I picked up and completely read Prospero Burns during a couple of fleetingly free hours yesterday, amidst a lot of driving around and a big holiday party.

I'm kinda disappointed.  The main character of the book is a conservator (historian, basically) who is sort of adopted by the Space Wolves.  His story is well enough told, but the connection of the pups to things and any real deepening of the mysteries is NOT well told.  I actually think it would be better if you read Prospero Burns first, and A Thousand Sons second ... the story comes off better that way.

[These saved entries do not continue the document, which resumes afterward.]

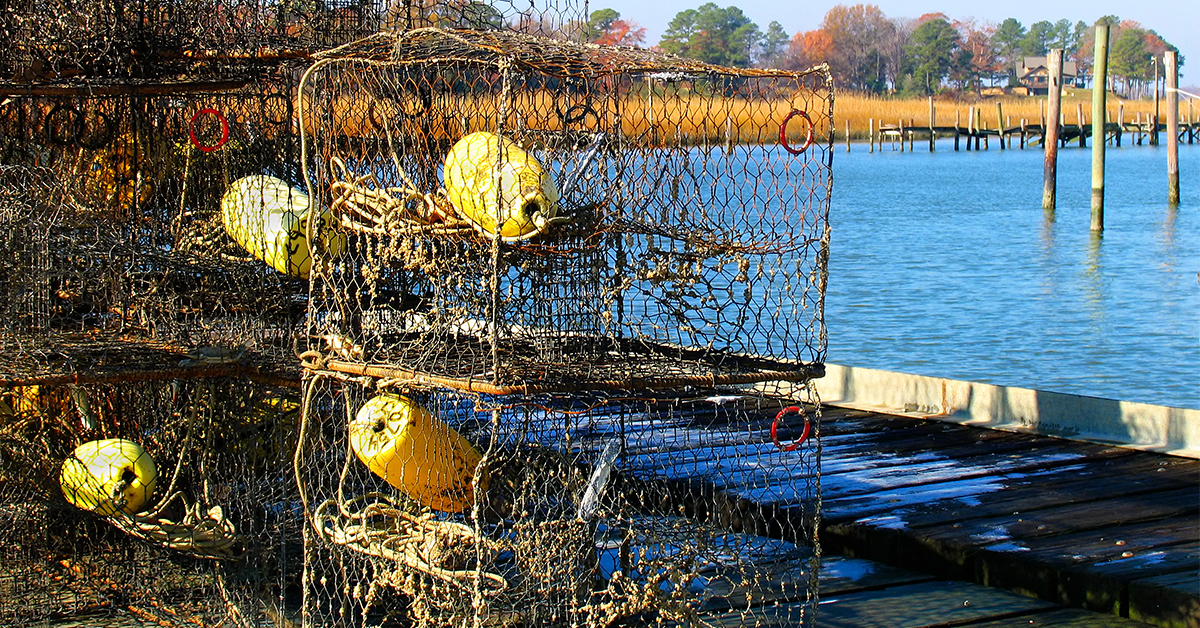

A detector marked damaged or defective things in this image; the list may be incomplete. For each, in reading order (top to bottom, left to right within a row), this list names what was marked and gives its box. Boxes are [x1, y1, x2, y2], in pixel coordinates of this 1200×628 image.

rusty wire crab trap [294, 27, 828, 624] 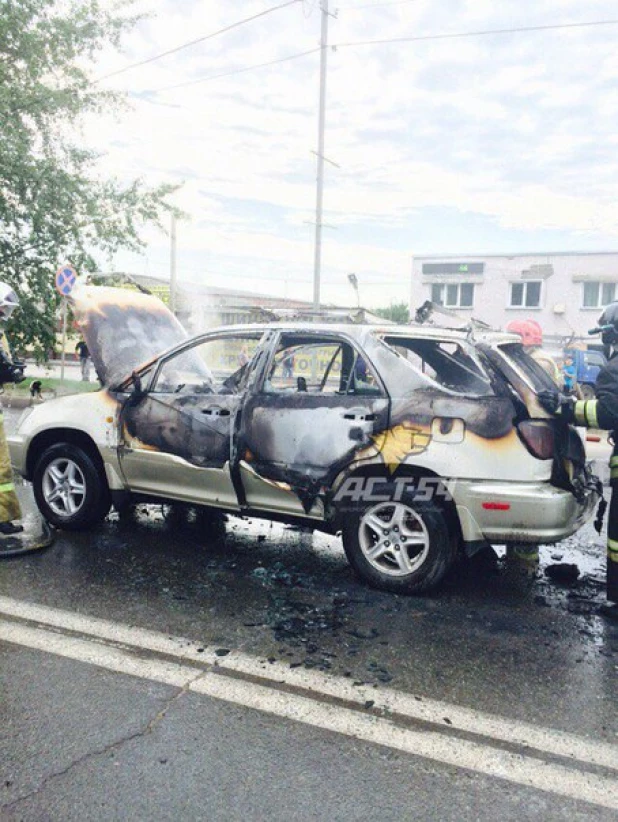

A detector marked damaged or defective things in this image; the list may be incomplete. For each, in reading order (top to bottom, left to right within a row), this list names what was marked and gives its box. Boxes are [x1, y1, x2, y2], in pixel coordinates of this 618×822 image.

burned car [8, 286, 596, 596]
burnt suv [9, 286, 596, 596]
burnt car interior [380, 336, 490, 398] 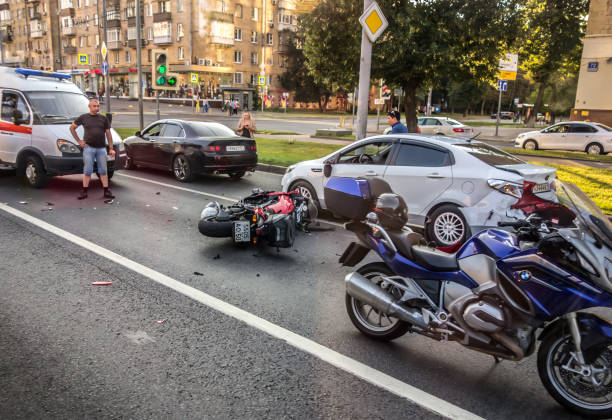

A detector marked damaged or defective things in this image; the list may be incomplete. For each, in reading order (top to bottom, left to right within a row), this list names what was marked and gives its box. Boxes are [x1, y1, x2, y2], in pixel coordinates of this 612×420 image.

crashed red motorcycle [200, 189, 318, 248] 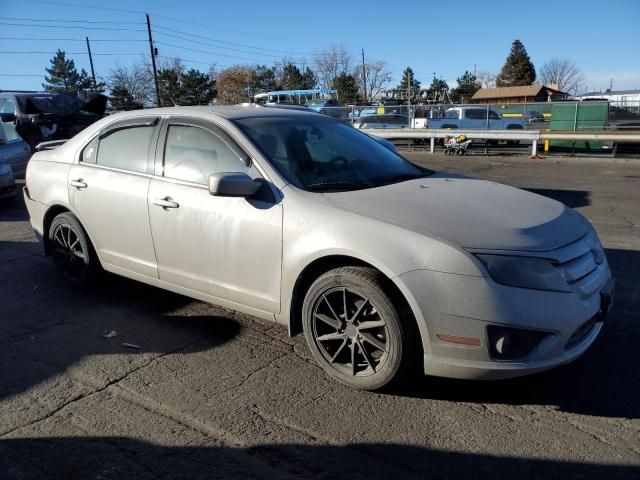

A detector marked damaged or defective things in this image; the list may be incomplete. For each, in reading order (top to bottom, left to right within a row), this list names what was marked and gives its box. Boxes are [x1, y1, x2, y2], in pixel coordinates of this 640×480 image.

cracked asphalt [1, 153, 640, 476] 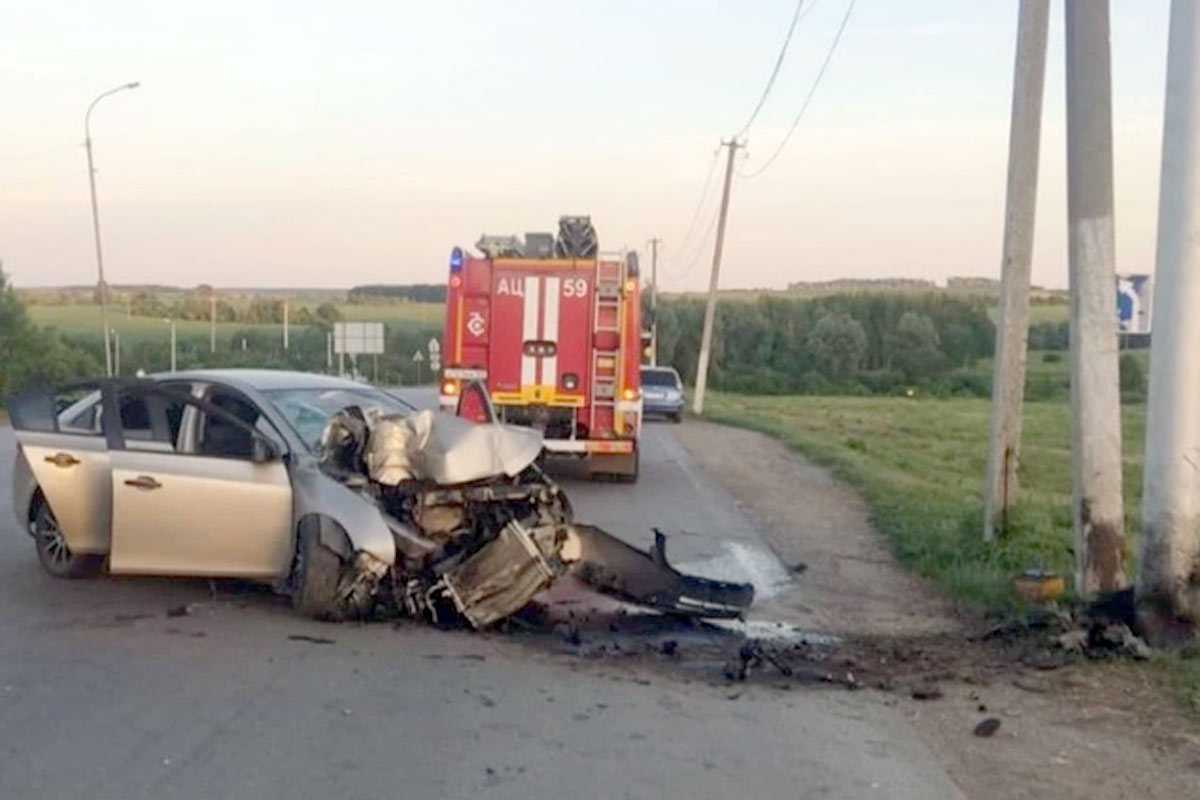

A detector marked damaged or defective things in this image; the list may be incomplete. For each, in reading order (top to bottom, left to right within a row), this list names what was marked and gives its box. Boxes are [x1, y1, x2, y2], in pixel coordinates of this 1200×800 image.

wrecked silver sedan [9, 371, 748, 628] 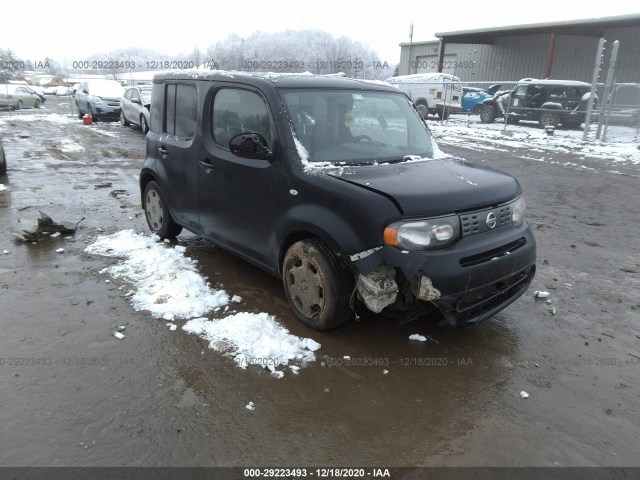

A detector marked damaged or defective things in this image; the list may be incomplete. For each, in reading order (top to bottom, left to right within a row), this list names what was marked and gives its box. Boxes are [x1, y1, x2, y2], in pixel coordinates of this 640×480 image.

damaged front bumper [350, 222, 536, 326] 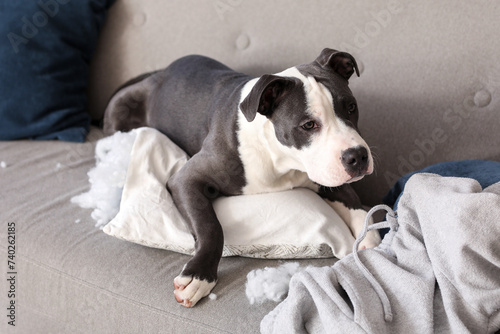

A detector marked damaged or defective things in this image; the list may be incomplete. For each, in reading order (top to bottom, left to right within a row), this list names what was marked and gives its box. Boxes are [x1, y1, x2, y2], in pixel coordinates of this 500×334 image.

torn white pillow [102, 127, 356, 258] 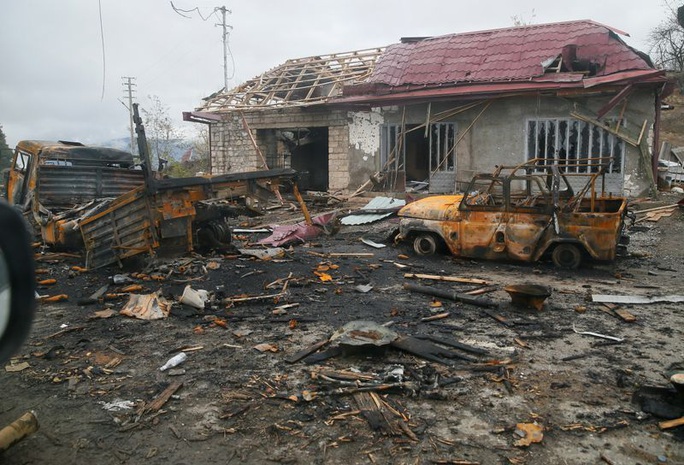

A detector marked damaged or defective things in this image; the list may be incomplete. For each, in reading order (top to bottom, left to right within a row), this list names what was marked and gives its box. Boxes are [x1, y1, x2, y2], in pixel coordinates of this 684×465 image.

destroyed truck [3, 103, 296, 266]
damaged building [186, 20, 672, 197]
damaged facade [190, 20, 672, 197]
burned car [396, 160, 632, 266]
destroyed truck [396, 160, 632, 268]
burned vehicle [396, 160, 632, 268]
shattered window [528, 117, 624, 173] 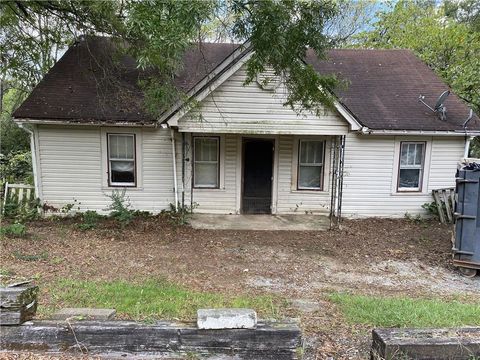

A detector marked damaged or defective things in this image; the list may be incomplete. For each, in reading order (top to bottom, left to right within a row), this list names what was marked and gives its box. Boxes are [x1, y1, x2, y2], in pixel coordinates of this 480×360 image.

broken concrete [197, 310, 256, 330] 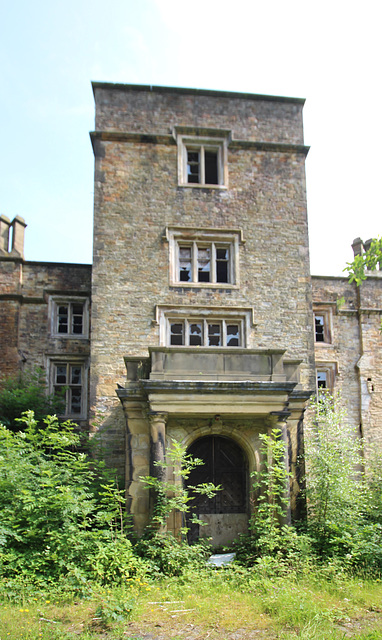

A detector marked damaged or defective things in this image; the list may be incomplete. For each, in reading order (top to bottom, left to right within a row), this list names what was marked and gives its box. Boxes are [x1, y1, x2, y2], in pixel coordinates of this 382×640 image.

broken window [51, 300, 88, 340]
broken window [169, 318, 240, 348]
broken window [53, 362, 86, 418] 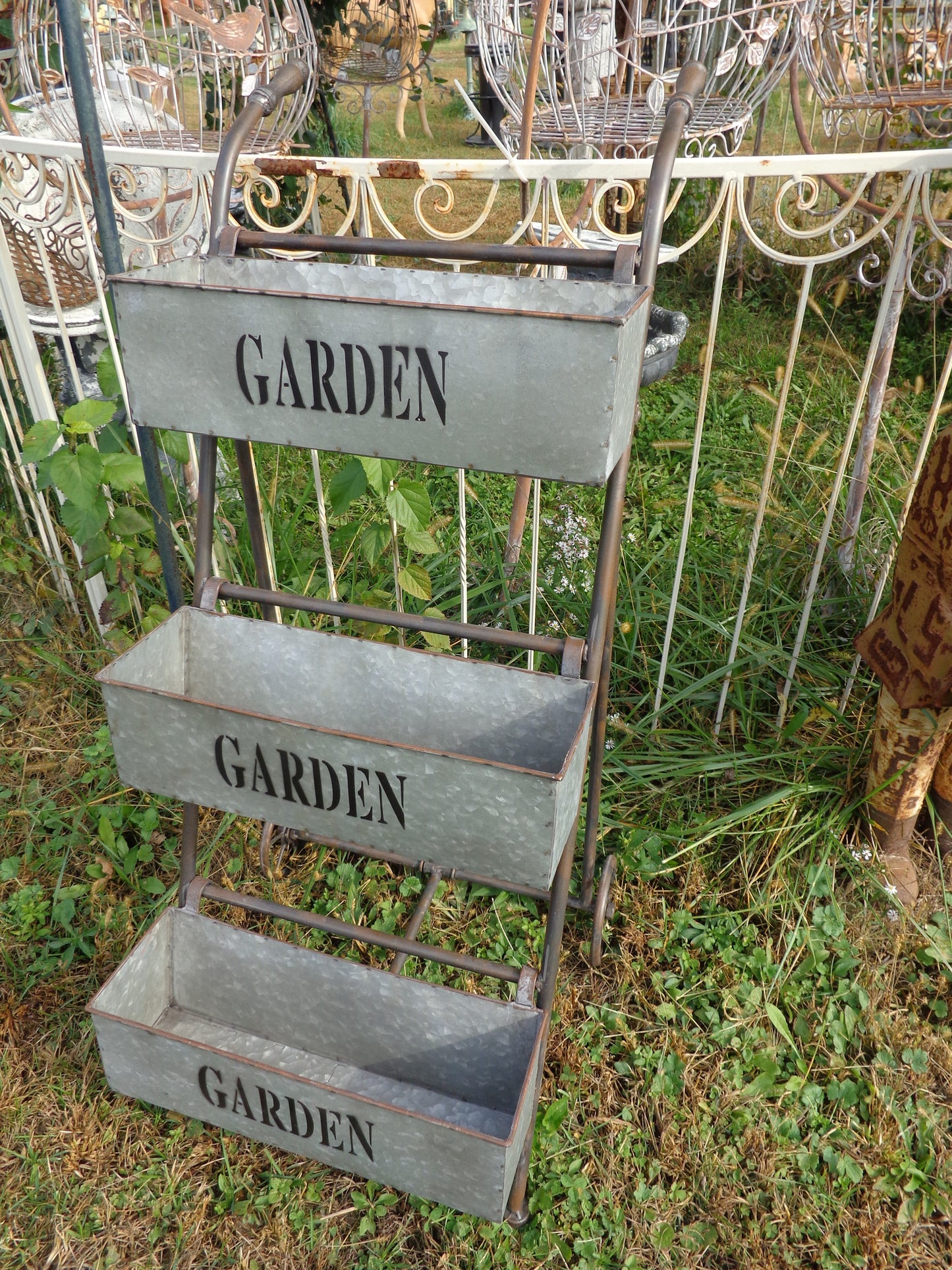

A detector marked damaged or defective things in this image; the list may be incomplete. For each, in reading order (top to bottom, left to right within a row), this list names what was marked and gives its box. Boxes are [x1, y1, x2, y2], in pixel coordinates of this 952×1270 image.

rusty metal frame [156, 57, 706, 1219] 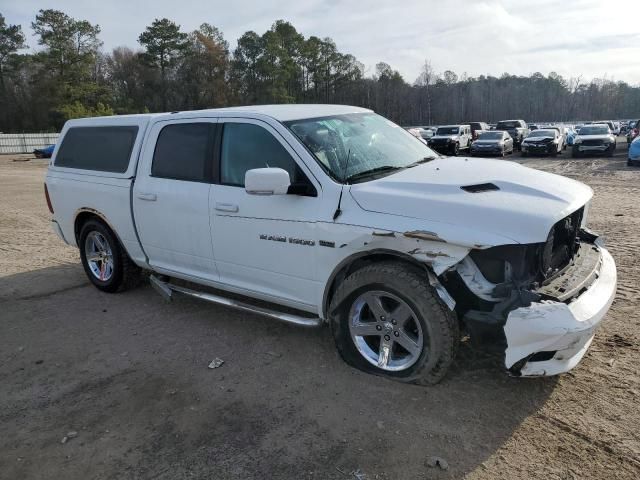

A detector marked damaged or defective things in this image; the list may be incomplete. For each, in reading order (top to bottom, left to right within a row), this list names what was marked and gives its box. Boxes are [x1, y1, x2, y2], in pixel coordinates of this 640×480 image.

crumpled hood [348, 158, 592, 246]
damaged front end [442, 208, 616, 376]
crushed bumper [502, 246, 616, 376]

Either way, it's ~400 pages of Dan Abnett waxing Dan Abnett (good writing by the sentence), but without a really fantastic story.  You do learn about the Space Wolves ... and heroes of the Imperium or not these days (M.41), people certainly didn't like them one bit back in the Great Crusade.  They do explain well how the pups aren't just frenzied killing beasts ... in fact, there's nothing Khornate about them, as people often surmise.  Their susceptibility to Chaos is extremely minimal, with even those corrupted or falling largely being anomalies.  The fact that so many have the Canis Helix or even go were kinda just reflects that their extreme internal discipline as a group, as a whole, prevents even major mutation from "turning" them.  Anyway, I don't want to spoil it, it's worth reading, but it's VERY far from my fave HH book.

I give it a 3/5.

1 comment:

  1. I must disagree with you there. I took my time reading this one, because from the start it was obvious it was not going to be a run-of-the-mill narrative, and certainly not chronological. What started off as confusion gave way to intrigue and then to amazement. There is more to the book than you might first think, and I encourage you to read it again. It will come together better, trust me.